Bool Clause Ordering
// HARDENED: Order filter clauses from most selective to least selective
// OpenSearch evaluates filters in order and short-circuits on the first
// non-match within a document.
.filter(f -> f.term(t -> t.field("tenant_id").value(tenantId))) // 2% of docs
.filter(f -> f.term(t -> t.field("status").value("published"))) // 90% of remaining
.filter(f -> f.range(r -> r.field("published_date").gte(JsonData.of("2023-01-01")))) // 60% of remaining
The most selective filter (tenant_id, matching 2% of documents) eliminates 98% of documents before the less selective filters execute. Reversing the order would force the range filter to evaluate all documents before the term filter eliminates most of them.
The Measurement
Query optimization impact on p50 latency (50,000 matching documents, returning top 10):
| Optimization | p50 Latency | p99 Latency | Improvement |
|---|---|---|---|
| function_score on all matches | 180ms | 420ms | Baseline |
| Rescore (window=100) | 35ms | 95ms | 80% faster |
| + Filter context for non-scoring | 28ms | 72ms | 84% faster |
| + Selective filter ordering | 24ms | 65ms | 87% faster |
The combined optimizations reduce p50 latency by 87%. The rescore optimization alone provides the largest single improvement by reducing the scoring computation from 50,000 documents to 100.
The Decision Rule
Use rescore when the scoring function involves decay, field_value_factor, or script_score. Set the rescore window to 10x the requested result size. A window of 100 for a result size of 10 provides sufficient candidate diversity while limiting the scoring cost.

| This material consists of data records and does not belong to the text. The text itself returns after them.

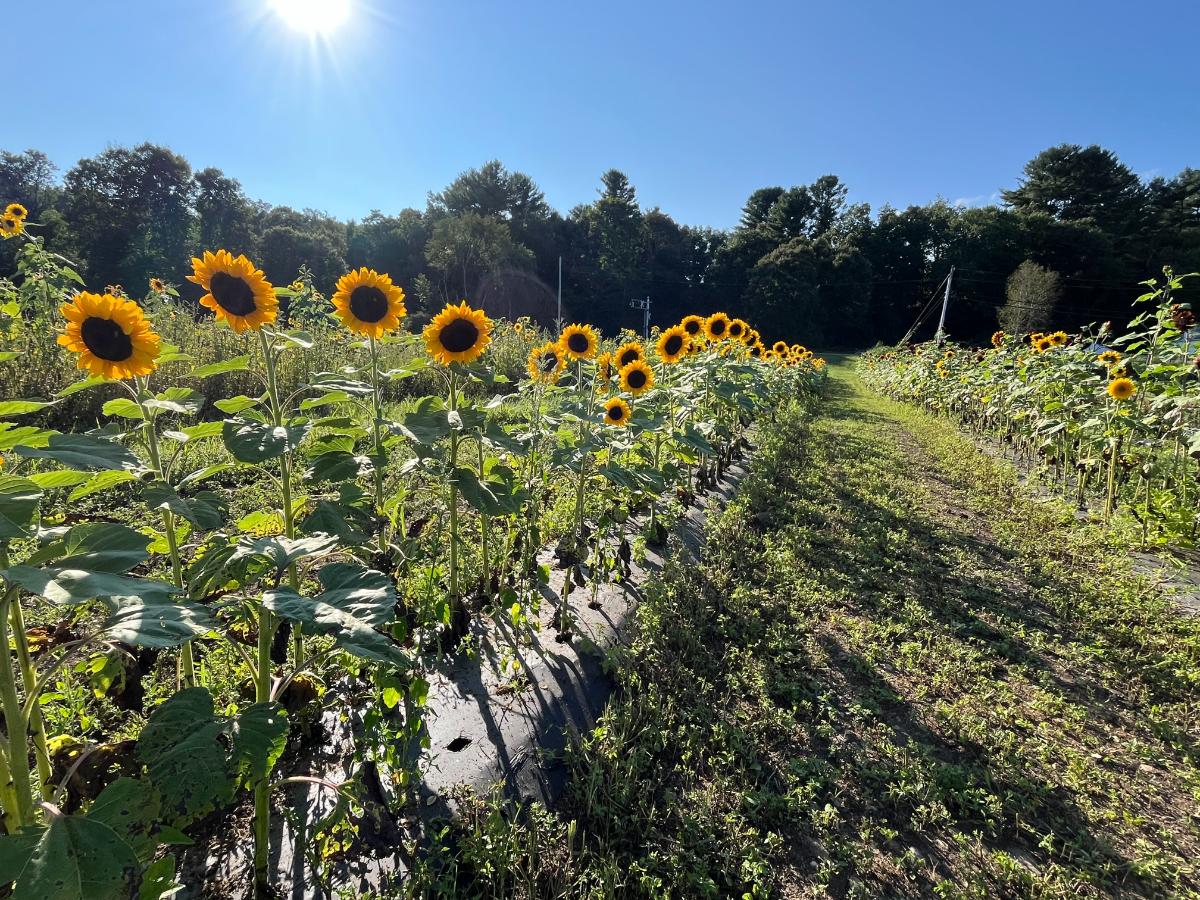 Sunflowers in a field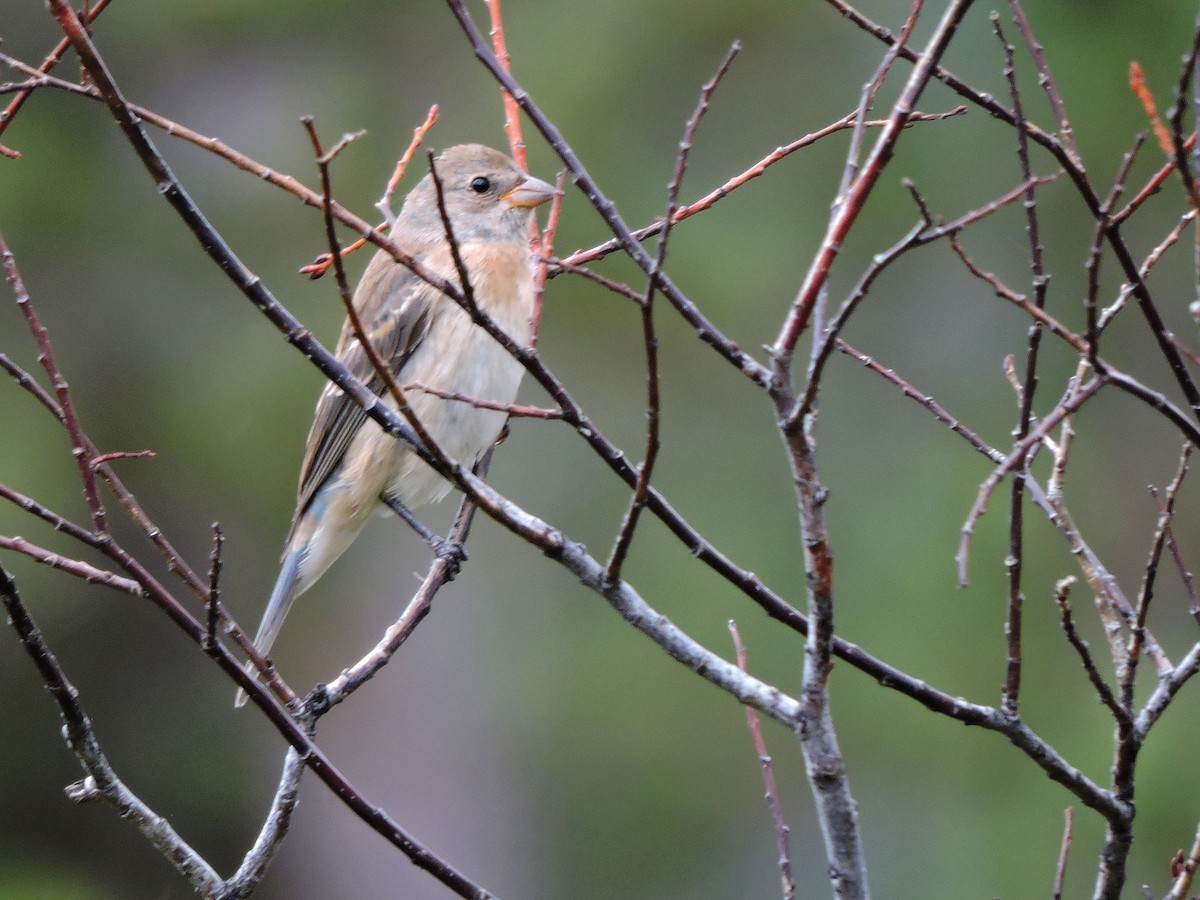 Passerin azuré - ML259250641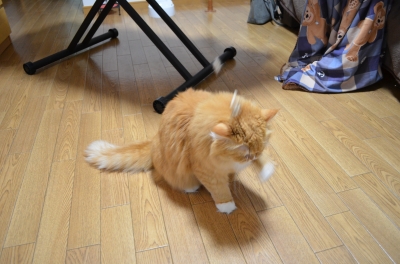 NIK_3368.JPG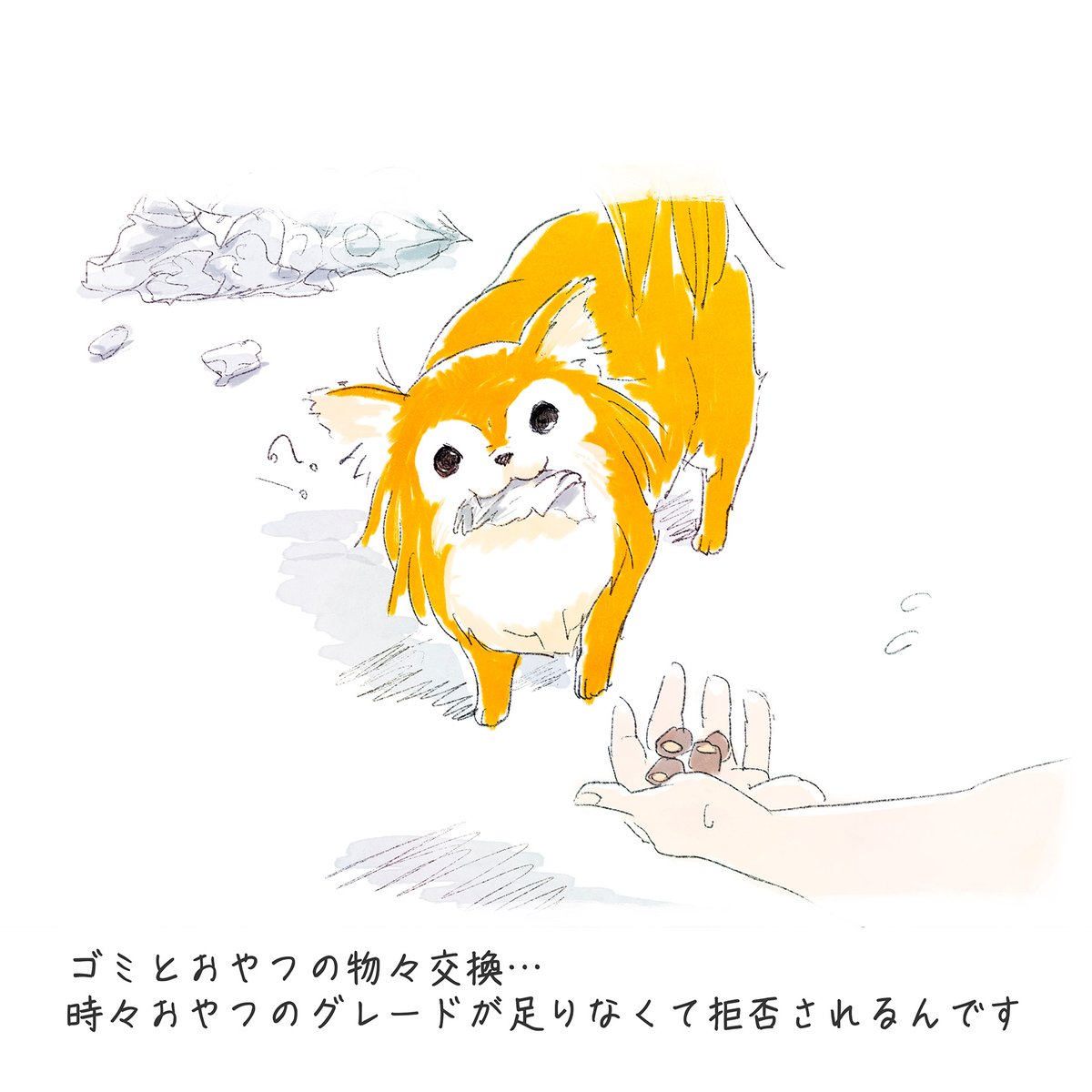 ゴミとおやつの物々交換…
時々おやつのグレードが足りなくて拒否されるんです

#dogfam #こめ #むぎ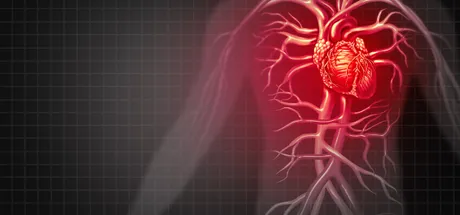 Cardiovascular system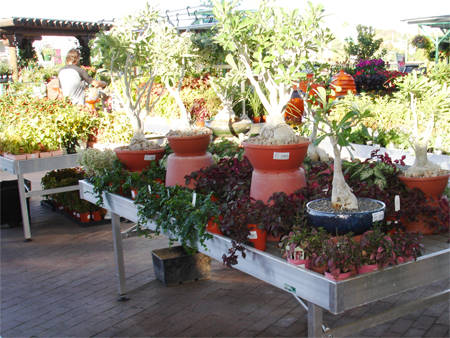 Mesquite Valley Growers Nursery - Self Watering Tables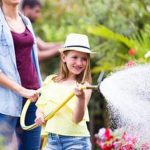 Expert Gardener Organics Vegetable and Tomato - fresh, sustainable homegrown produce for health-conscious individuals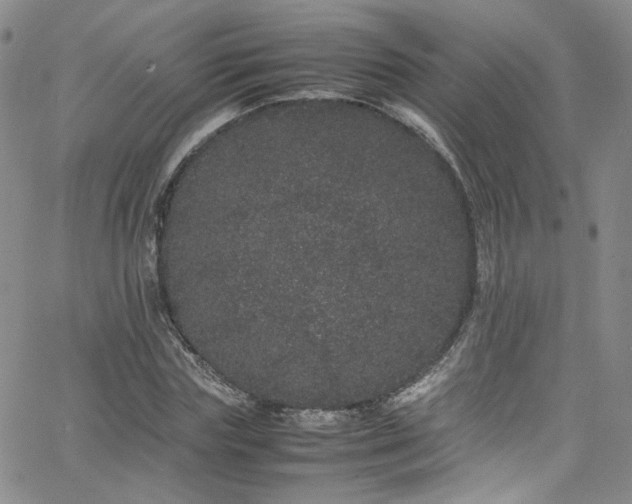 X0000062630827200512211227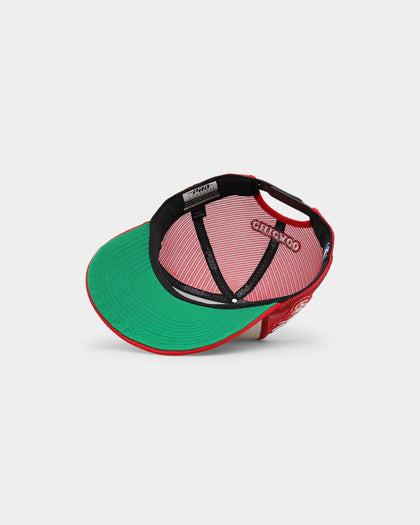 Pro Standard Chicago Bulls Visor Elite Trucker Eggshell/Red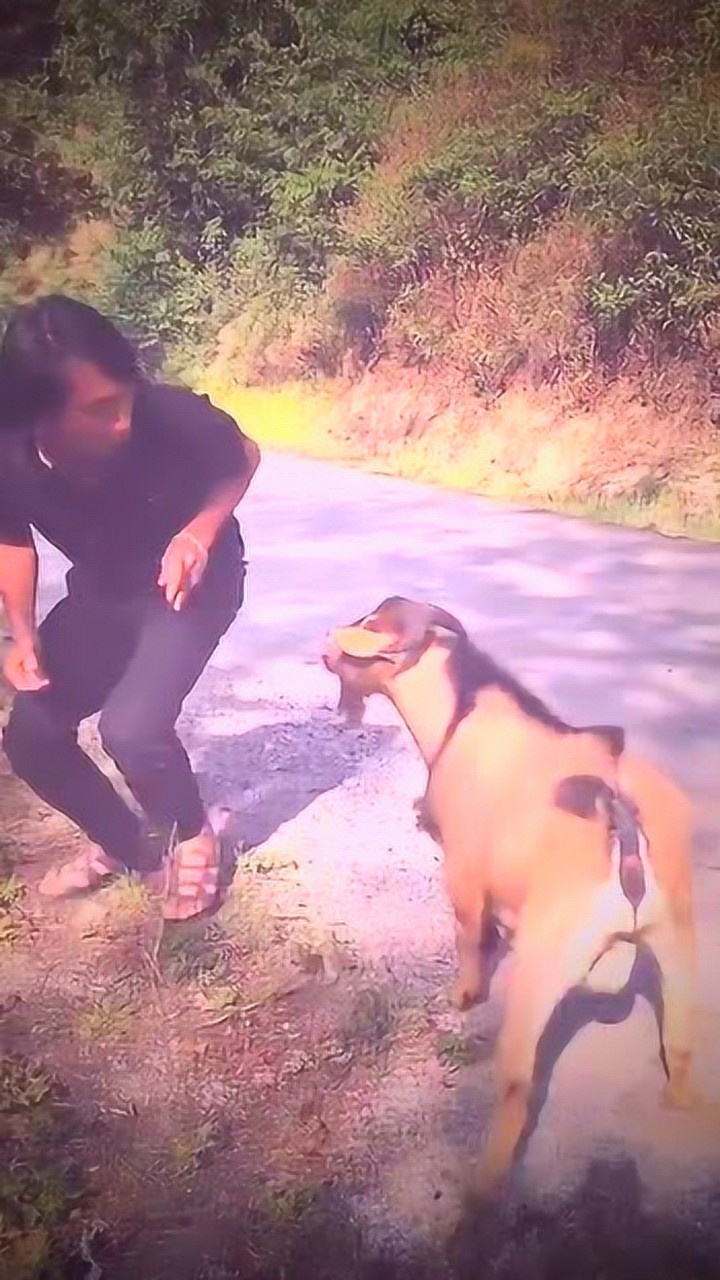 精神小伙逗弄山羊你别说模仿的还挺像山羊都生气了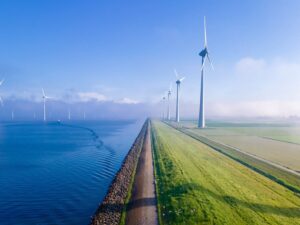 Armando Iachini - Energía verde; Sabes de qué trata y cuáles son sus beneficios - FOTO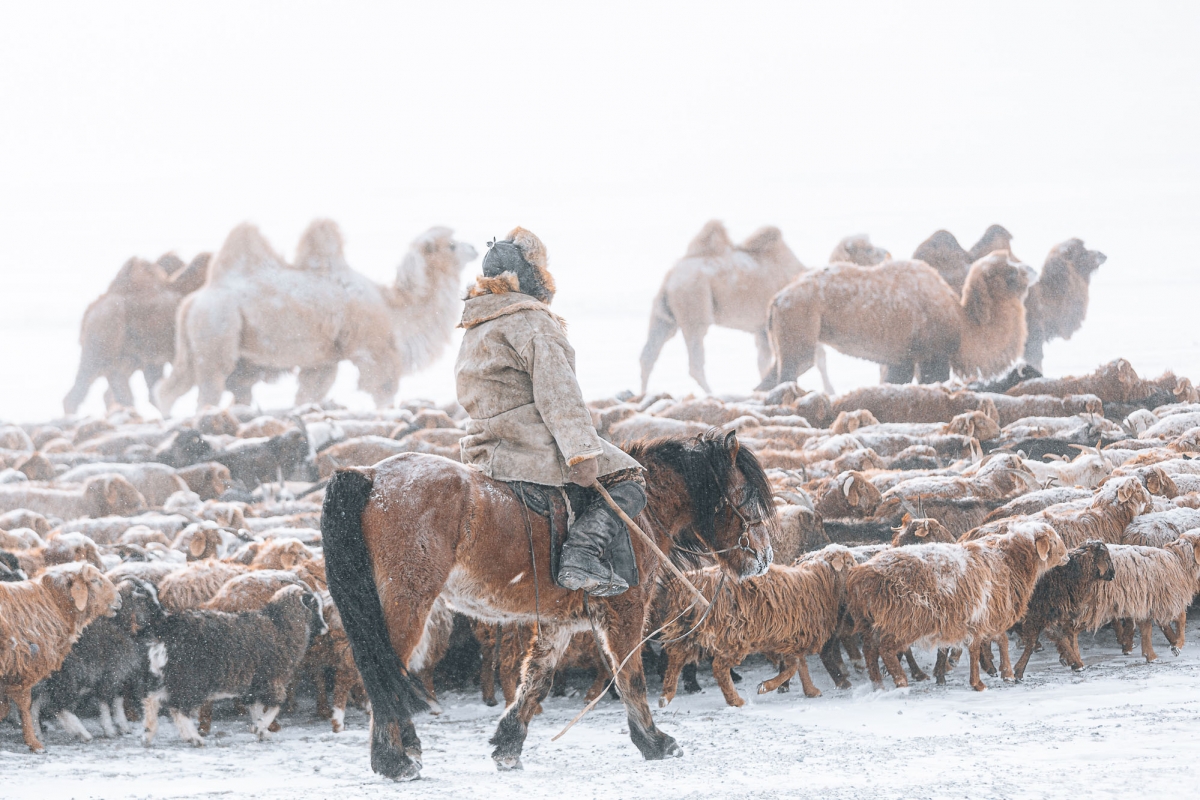 Mongolia - Animal Migration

Move every clause that does not affect ranking to filter context. This includes tenant filters, status filters, date range filters, and access control filters. Filter context clauses are cached and add negligible cost after the first execution.
Order filter clauses from most selective to least selective. The first filter that eliminates the most documents provides the largest benefit to subsequent filters and the scoring query.